┌──
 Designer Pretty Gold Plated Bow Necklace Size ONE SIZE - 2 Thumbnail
└──
┌──
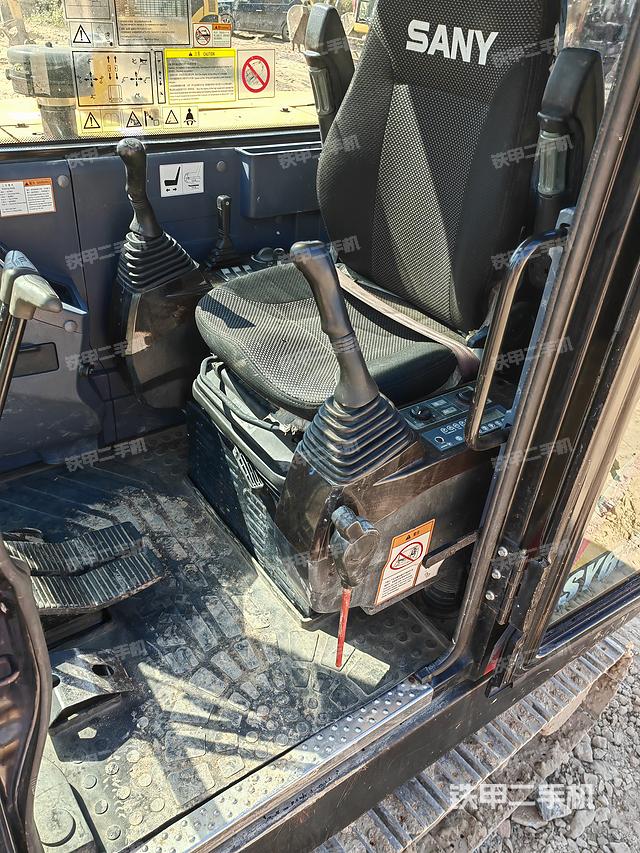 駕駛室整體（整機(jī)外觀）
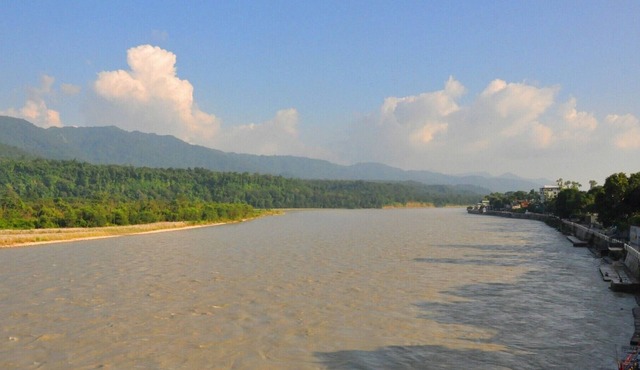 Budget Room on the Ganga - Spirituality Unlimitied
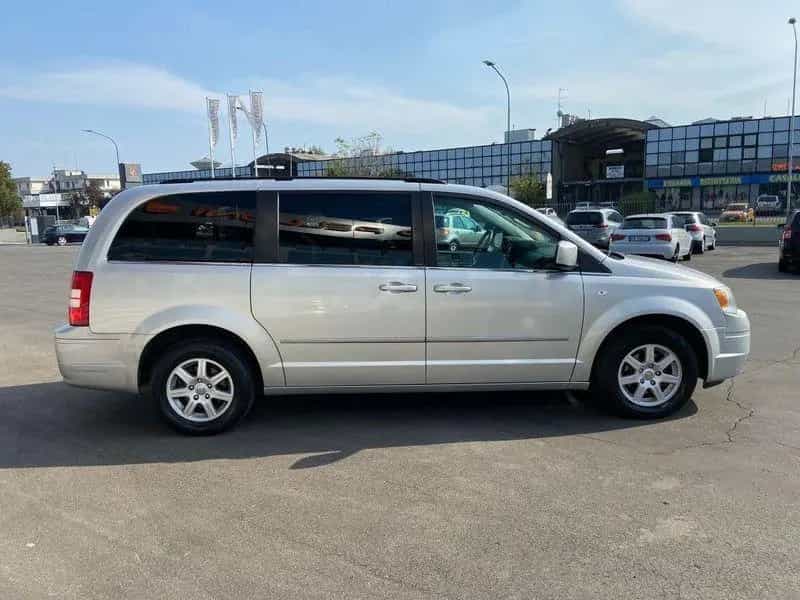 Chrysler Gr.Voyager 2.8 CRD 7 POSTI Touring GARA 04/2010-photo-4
└──
• _TASK GOAL_
In the listing above, find the line containing "Budget Room on" and the line containing "Chrysler Gr.Voyager 2.8", then write out both of them and every line between, exactly, with no pictures.

• _REPLY TO THE EXERCISE_
 Budget Room on the Ganga - Spirituality Unlimitied
 Chrysler Gr.Voyager 2.8 CRD 7 POSTI Touring GARA 04/2010-photo-4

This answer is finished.